Well, it shouldn’t, because the idea of changing everything you’re doing is going to backfire on you.
If you feel like you have to change 100% of what you’re doing to make a new methodology work, you’re not alone. But you also won’t end up actually making any change with that type of thinking. It’s too much anxiety, even for the calmest and most competent leaders and teams.
The two points I’m about to make might shock you if you know me or a coach like me. I push people to take risks and go outside their comfort zone. But listen up because this advice is going to ultimately make you more successful.
1. You have to ease into it.
Try to start off by changing 10% of what you’re doing. That leaves you with 90% familiar territory – doing what you’ve been doing. Then move toward changing your methodology by 20%, and leaving 80% as-is. And so on.
You still retain some familiar practices as you ease in. Not just because it’s more comfortable, but because then you can create the right mix.
What stops people from making meaningful change – change that actually impacts the business – is that base-jumping fear. They believe that once they start working on a new methodology, it’s now either/or. Either you are using the new methodology or you’re not.
I see this with our clients a lot, because they think “Well, we’re paying this coach. Why wouldn’t we just switch everything over to his way of thinking?”
This isn’t sustainable.
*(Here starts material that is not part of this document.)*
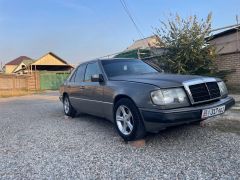 Сүрөт унаа Mercedes-Benz W124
It’s not a good way to reset and make a change.
2. You have to recognize that you will never change 100% of what you’re doing.
Ease into it. Then ease into it a little more.
But recognize that to be successful, you will never go farther than a 60-70% change.
If you can understand this up-front, it does a number on your head. It relaxes you. It allows you to make those 10%, 15% and 20% changes.
Conversely, if you think of a methodology change as an overhaul, it’s too overwhelming. It won’t work.
Think of it like a strict diet. If you think you can only eat blueberries and strawberries the rest of your life, that’s emotionally overwhelming. Even if an expert tells you it’s correct.
The Bottom Line
Contemplating giving up everything you have ever known will backfire on you. You won’t make the necessary changes because there’s too much anxiety involved. Instead, ease into the change. And remember that you will mix the new methodology with the old one for the right mix that works for your needs.